* Provided data *
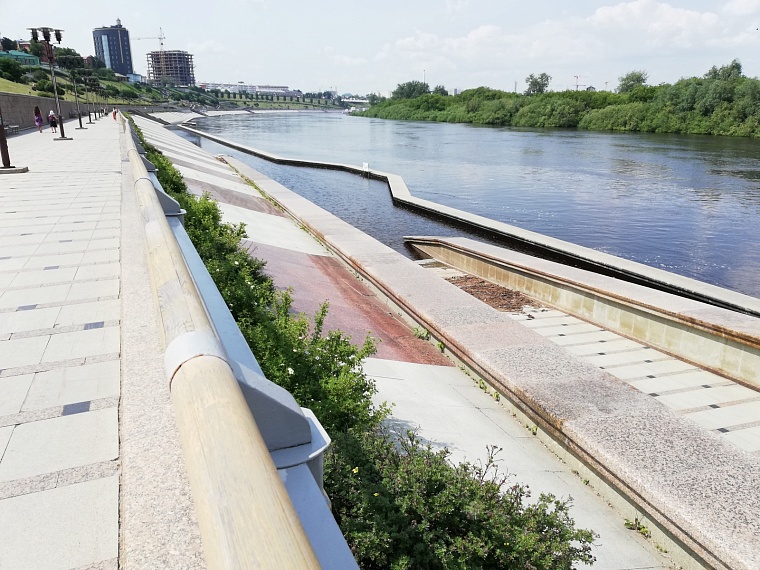 В Тюмени снижается уровень Туры: из-под воды показались перила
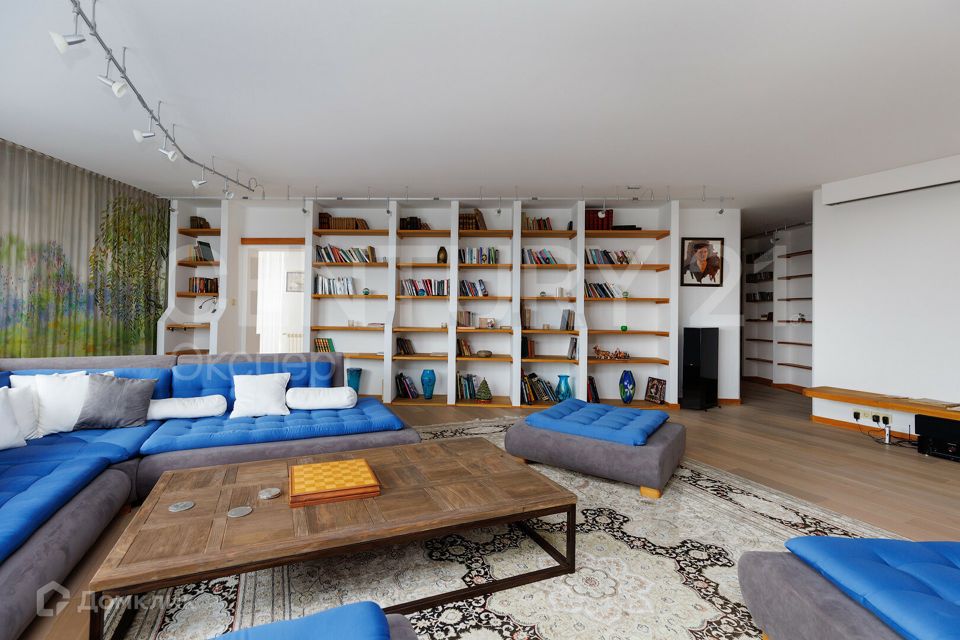 Продаётся 5-комнатная квартира, 361 м²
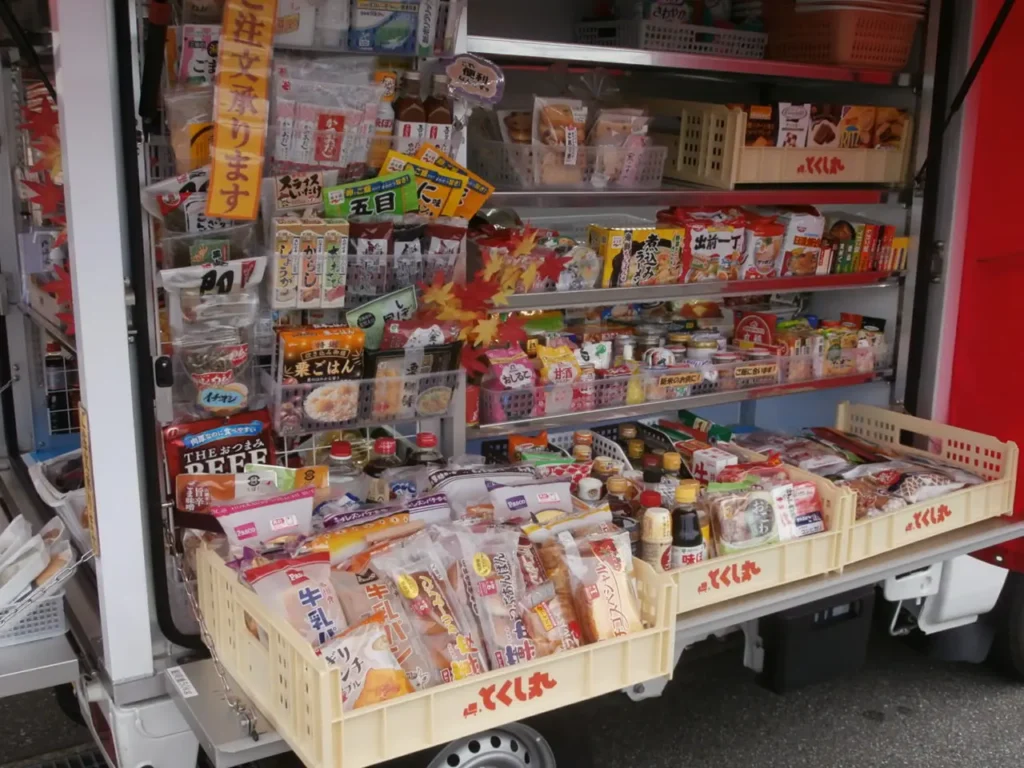 とくし丸（移動販売）
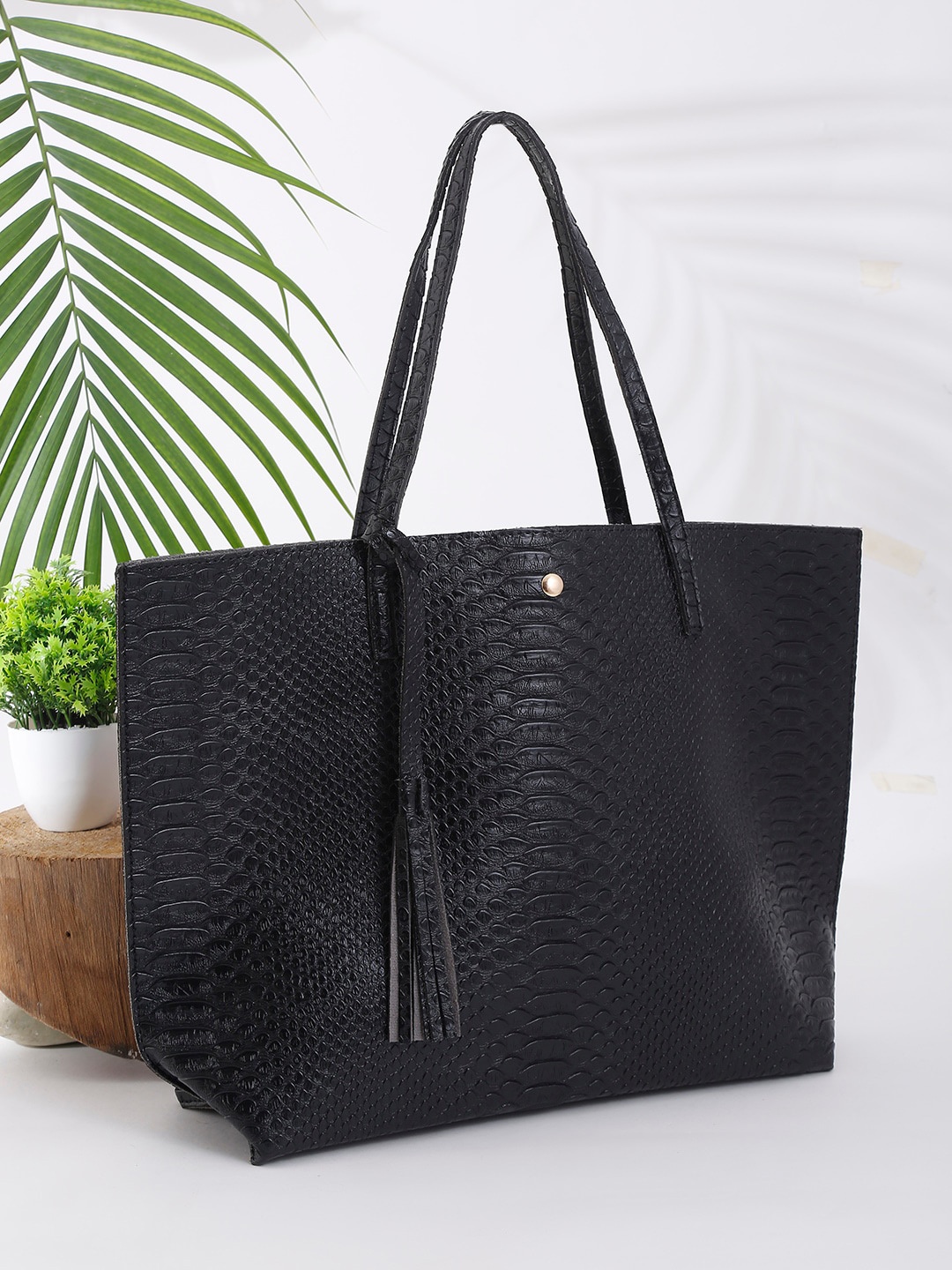 

Apsis Black Animal Printed Structured Shoulder Bag with Tasselled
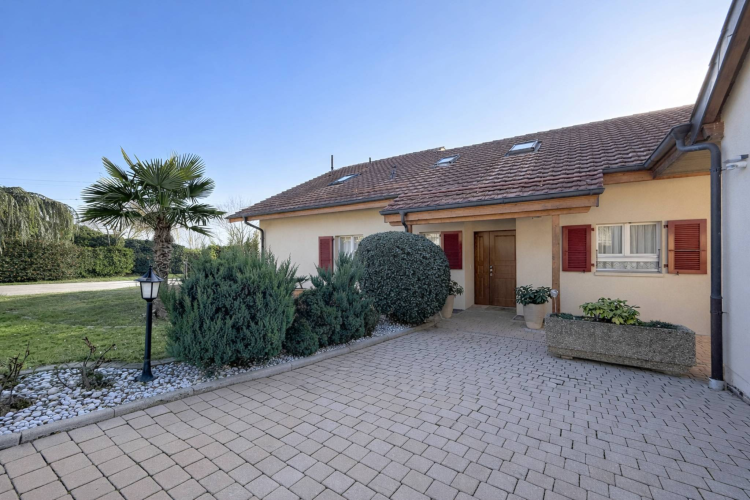 Villa avec piscine chauffée et vue dégagée à Villars-Sainte-Croix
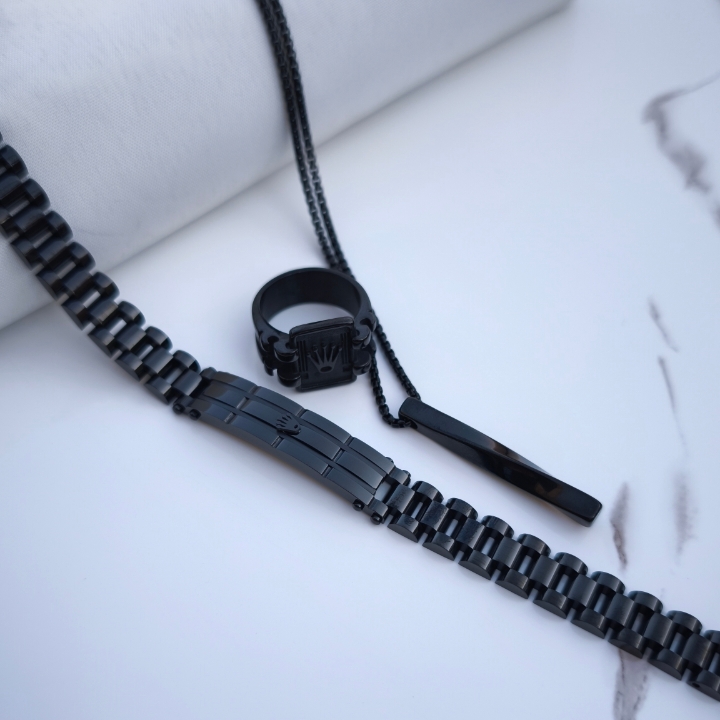 خرید زیورالات مردانه رنگ ثابت مشکی شیک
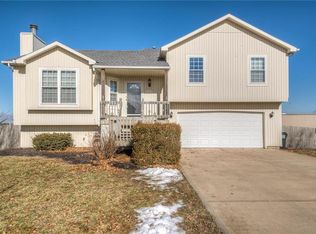 160 W Mockingbird St, Gardner, KS 66030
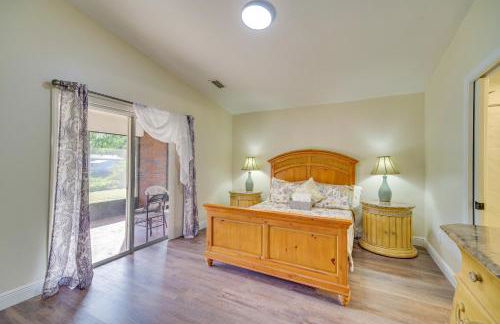 Sunny Palm Bay Home with Screened Porch Near Beaches - Foto 12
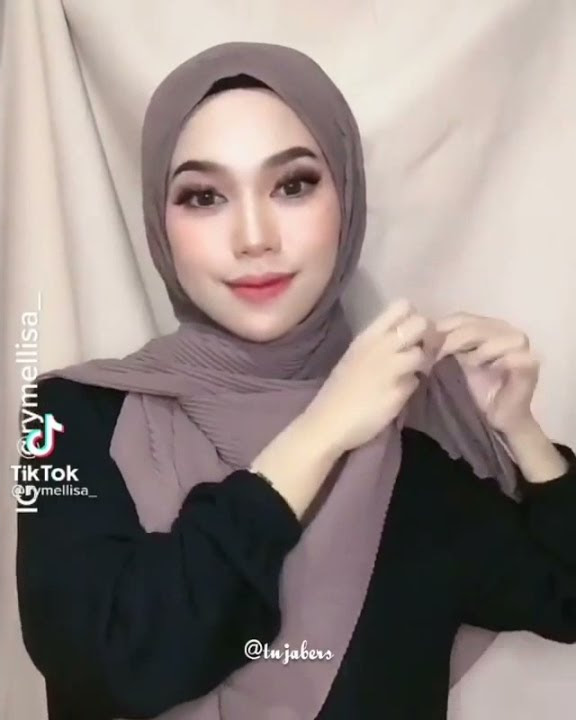 Tutorial pashmina plisket menutup dada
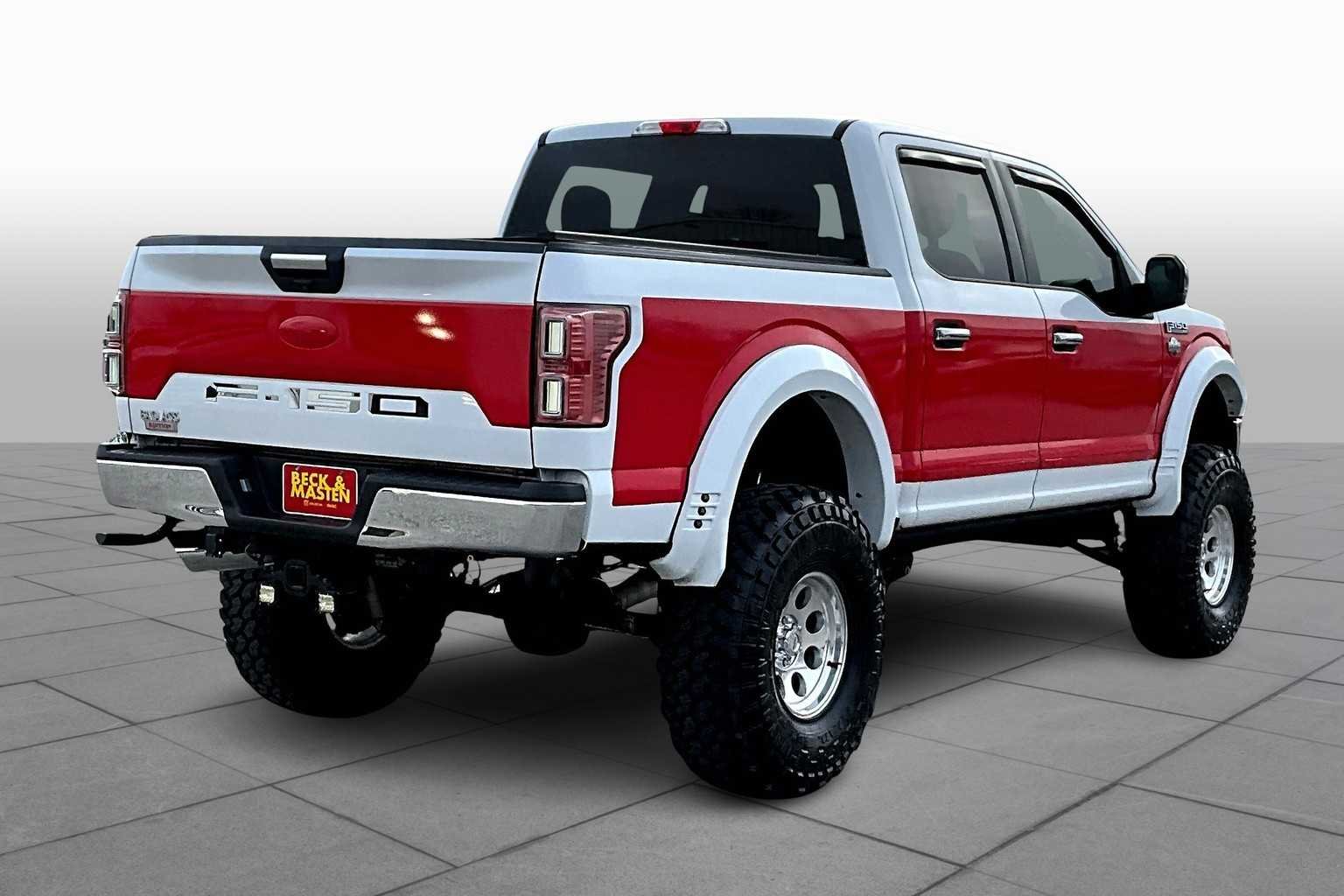 Used 2019 Oxford White Ford XLT image 11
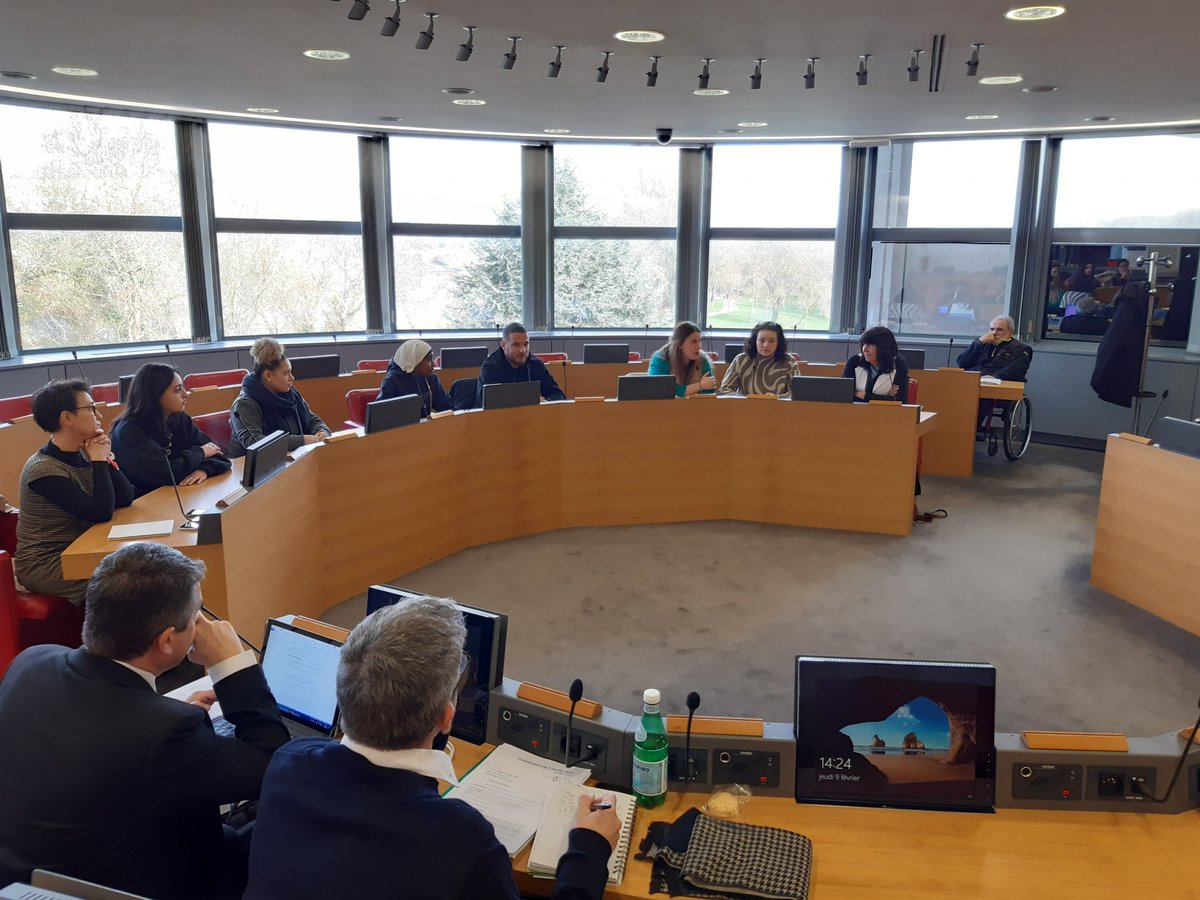 ceserPDL's tweet photo. 🧵Parcours scolaire interrompu : la commission Education Formation du @ceserPDL auditionne aujourd'hui des jeunes de l'@E2CNantes et du DAEU @univUALMU. Des échanges passionnants, merci à elles 🙏 https://t.co/9gWiccj5iL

* Exercise objective *
Give the listing again exactly, minus its images.

* Your response *
 В Тюмени снижается уровень Туры: из-под воды показались перила
 Продаётся 5-комнатная квартира, 361 м²
 とくし丸（移動販売）

Apsis Black Animal Printed Structured Shoulder Bag with Tasselled
 Villa avec piscine chauffée et vue dégagée à Villars-Sainte-Croix
 خرید زیورالات مردانه رنگ ثابت مشکی شیک
 160 W Mockingbird St, Gardner, KS 66030
 Sunny Palm Bay Home with Screened Porch Near Beaches - Foto 12
 Tutorial pashmina plisket menutup dada
 Used 2019 Oxford White Ford XLT image 11
 ceserPDL's tweet photo. 🧵Parcours scolaire interrompu : la commission Education Formation du @ceserPDL auditionne aujourd'hui des jeunes de l'@E2CNantes et du DAEU @univUALMU. Des échanges passionnants, merci à elles 🙏 https://t.co/9gWiccj5iL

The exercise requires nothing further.